Middle, high school attendance zones up for discussion
KINGMAN - Parents of about 140 students living in a pie-wedge-shaped area northeast of Kingman soon will find out more about a proposed zoning change that could send the kids to a different middle school.
The students, who are slated to attend the sixth through eighth grades at White Cliffs Middle School this fall, are residents of an area that runs from Route 66 and Castle Rock Road to Hackberry. The Kingman Unified School District provides buses that route them to their destination.
About 45 of those students will be entering WCMS from Cerbat and Desert Willow elementary schools, while the remainder already attend WCMS. The zoning change would send them to Kingman Middle School instead, then on to Kingman High School.
"This issue of aligning the middle and high schools has never really been addressed until this year," said Roger Jacks, superintendent of KUSD. "But it has to be resolved because the staff at White Cliffs is maxed out. Now is the time to hear from everyone and get a decision from the board on what to do."
The district is hoping to make the change to help even out the number of students at both the city's middle schools, said Jeri Wolsey, curriculum director for KUSD.
The student population at WCMS, which opened in 2010, is almost at capacity now.
Currently, 587 students attend KMS, which has a capacity of 1,091 students.

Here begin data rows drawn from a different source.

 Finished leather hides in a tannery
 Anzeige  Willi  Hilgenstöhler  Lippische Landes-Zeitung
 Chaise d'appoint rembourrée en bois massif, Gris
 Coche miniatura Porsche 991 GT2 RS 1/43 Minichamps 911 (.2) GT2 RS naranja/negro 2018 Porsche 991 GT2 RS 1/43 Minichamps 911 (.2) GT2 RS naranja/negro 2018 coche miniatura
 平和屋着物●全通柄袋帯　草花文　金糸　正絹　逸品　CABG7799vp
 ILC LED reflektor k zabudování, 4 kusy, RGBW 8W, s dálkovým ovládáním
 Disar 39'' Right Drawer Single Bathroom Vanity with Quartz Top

The district projects that 740 students will attend KMS next fall. At WCMS, the capacity is 800 students, and a total of 680 students attend classes now. The district is expecting 577 students at WCMS next fall.

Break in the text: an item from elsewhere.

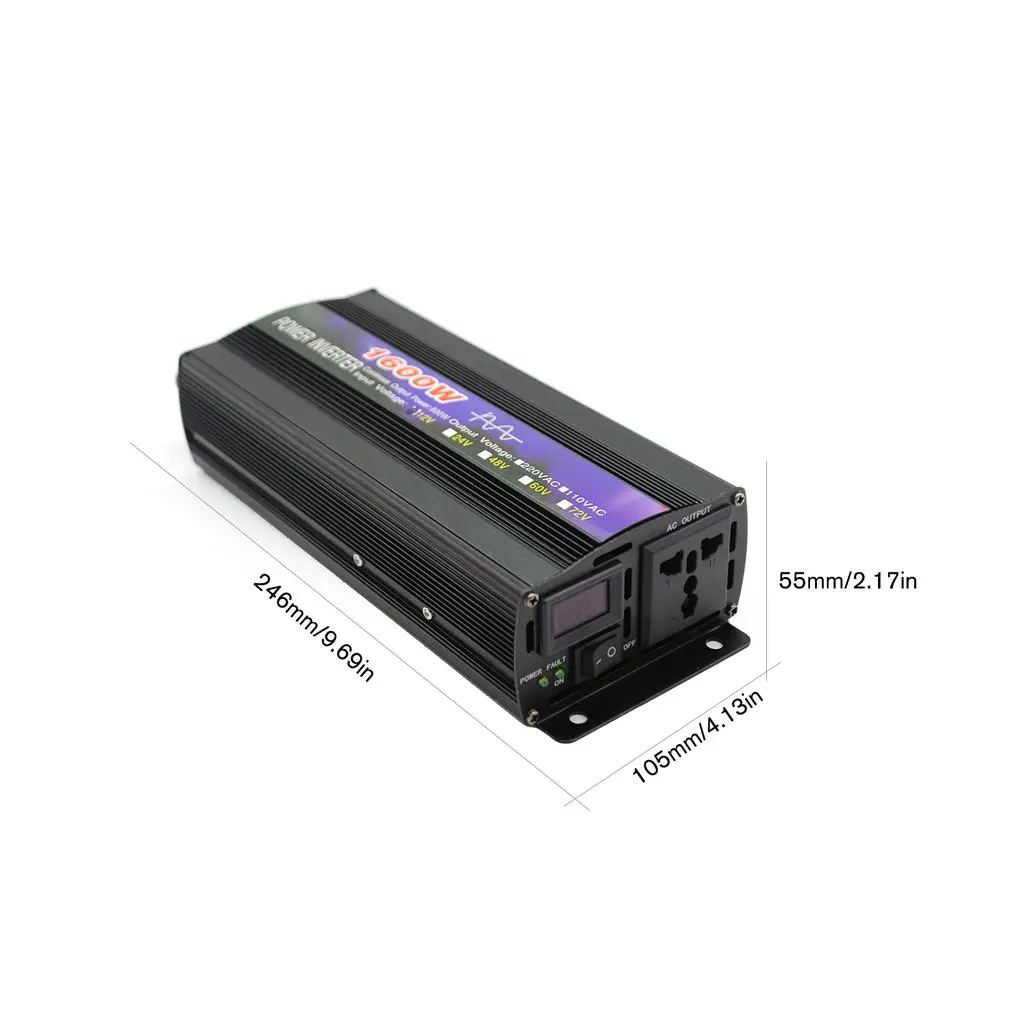 

1600W Pure Sine Wave Intelligent String Inverter Power Inverter Car Converter Adapter Car Inverter with Digital Display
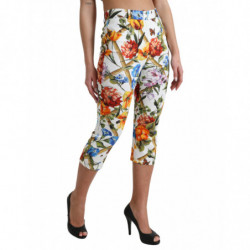 Pantaloni cropped a vita alta con stampa maioliche bianche - IT40-S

The zoning change also will allow the district to streamline its system of student advancement. Currently, students from WCMS and KMS can attend either high school, and those participating in the district's Cambridge preparatory program, which offers a college diploma, are funneled to Lee Williams High School.
The district is implementing a new STEM academy program this fall at KHS focusing on science, technology, engineering and mathematics careers. Students from the middle schools can elect to take the program, beginning in sixth grade at KMS and move on to the next level at KHS.
Currently, 742 students attend LWHS, which has a capacity of 900 students. That capacity will expand to 1,000 students this fall, when the district renovates three classrooms at the high school over the summer. This fall, student enrollment is expected to reach 1,000 there.
At KHS, there are 1,054 students attending classes now, and the campus has a capacity of 1,600 students. The district projects that 1,000 students will be attending the high school this fall. KUSD has an open enrollment policy for students but does not provide transportation for attendance exceptions.
"The bottom line is that for the first time, all KMS students will go to KHS, and all WCMS students will attend LWHS, unless they are participating in these programs or they fill out attendance exception paperwork," said Wolsey. "This makes the process much cleaner for everyone."